Once upon a time (about ten years ago), there was a girl struggling in college to find herself, to shape her life, to make decisions for her future. She worried about a lot of silly things, like whether she would find someone to fall in love with. Finally she grew weary of the worry and decided to live life according to her goals. Teaching jobs were plentiful in Arizona, so her master plan to graduate and then move to the southwest was formed. She didn't like winter and cold, Phoenix would be perfect! Guide books and maps were purchased, money was being saved, and a trip to Phoenix to check things out was planned.
Then like a sudden bolt of lightning, someone was dropped in her path that would change her life forever. The love she had been searching for was right there, but it wasn't without compromise. The girl decided to chase love for a while and abandoned her plans in hopes that someday they could be worked into her life again. The boy and the girl fell in love and chose to spend their lives together. Although the girl was wildly happy, the desire to relocate to a warmer climate never really left her mind completely. She learned that sometimes goals and dreams are pushed aside in favor of even better things, and was at peace.
The boy and girl had good times with friends and family, but along the line thought their own core family wasn't complete. The girl birthed a daughter and suddenly the family of two became three. Raising a child was a daunting task. The need to be with family and have job security became the new goal, and so the boy and girl made a choice to move to a new place. It wasn't Phoenix, it was still cold, but sometimes the pros outweigh the cons, and she felt good about the choices her little family was making.
Five years and a second child later, the girl was delivered another lightning bolt only this time it wasn't good news. She was sick. Cancer. The boy and girl were in shock for a time, but realized that the only choice now was to fight. Through radiation and chemo, through a major surgery, through more chemo, the boy and girl held each other up, supported each other, and leaned on friends and family who were willing to walk the difficult journey. On the way, the girl learned so much about life, about people, about priorities: some good lessons, some disappointing lessons, but life lessons all the same.
One day the boy said, "Life is too short to set aside all our dreams and goals." The girl agreed. Thus began the discussion of the future, the new reality. After being on the edge of life, they saw that change was again on the horizon. It was a hard decision: stay in a comfortable place and continue to forgo our dreams and goals or take a leap to an unfamilier city and start living the way we have always dreamed? The issues were debated late at night after the children were in bed, talking endlessly about hopes and dreams and what to do.
An opportunity presented itself, and the boy and girl decided to grab hold and hang on for the ride. Although they were saddened by having to say goodbye to so many people, the little family found themselves giddy about the future in a new place. Making their dreams come true fueled the excitement. And so the boy, the girl, and their babies are on the brink of challenges, of new experiences, of starting to live life again. The strength they found together will carry them through. And no matter what sorts of lightning bolts they face in the future, they will face life head on.
Okay, so I'm not a super fantastic storyteller. I hope it was mildly entertaining. Did you figure out that the girl is me and the boy is Eric? Yeah, I knew you all were smarties.
I'm struggling now, not with any of the choices our family has made, but with the reactions of other people to those choices. I don't know how to explain why it's so important to me (not to mention important to Eric) that we start chasing those dreams we've always had. Life is too short, truly, and you don't know how much time you have. I don't know how much time I have. It sure sucks to go there, to think about that, but the reality is that I *do* have a 25% chance of recurrance. It's low, but it's still there. I force myself to think positive, that I'll be in the larger group, the 75% who remain cancer free. But there's a nagging voice that says I got stuck in the smaller group when I got cancer out of nowhere, and it could happen again, that the numbers won't be on my side.

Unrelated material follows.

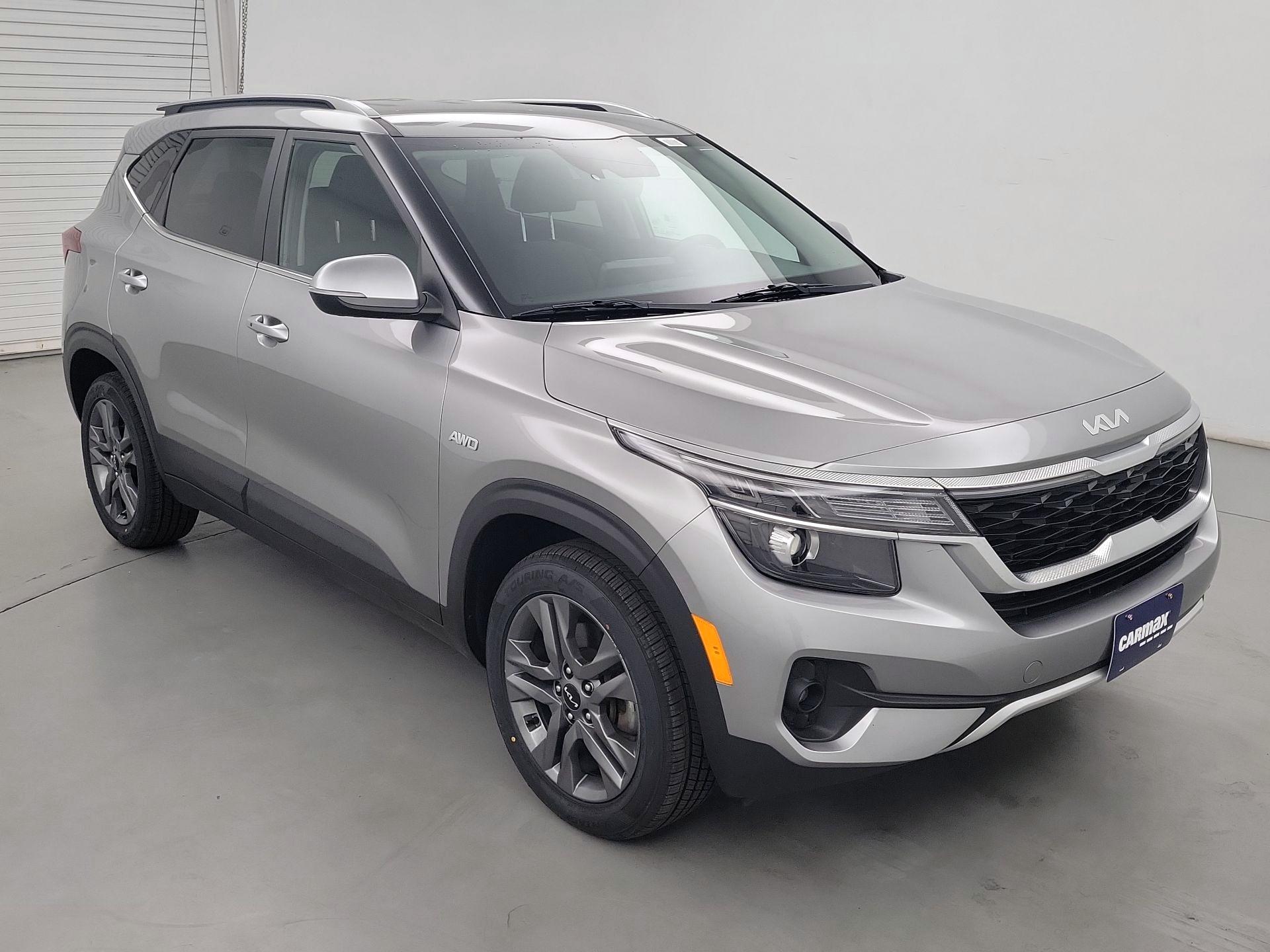 Thumbnail: 2023 Kia Seltos - 1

The decision to move wasn't made out of fear, wasn't made out of some crazy that we caught along with the cancer. Believe you me, the prozac makes me completely sane and very zen. Our choice was made thoughtfully, with our children in mind, with our goals and dreams as a family in mind. If it's helpful, I can list the reasons, I'm happy to do so if someone is happy to listen. We are embracing a new reality and celebrating life by living it. I don't want to have regrets, wishing someday that I had taken an opportunity.
I debated with myself for several days about this post, whether I should try to explain or if I should just let it all go. I found that I'm having a hard time and when I'm having a hard time, the best way to banish it is to journal it. I feel I've really put myself out there in regards to this whole cancer thing, but this was a hard post to write. It's close to my heart, it's close to the heart of my family. In my heart I want those close to us to understand, to be excited with us, and of course there's room for sadness. I'm going to miss the hell out of the people I've gotten to know here, friends who have become family to me.
I don't know what else to say. LIFE IS TOO SHORT. Perhaps I will revisit this with more thoughts, perhaps I'll be able to just let it all go now. We shall see.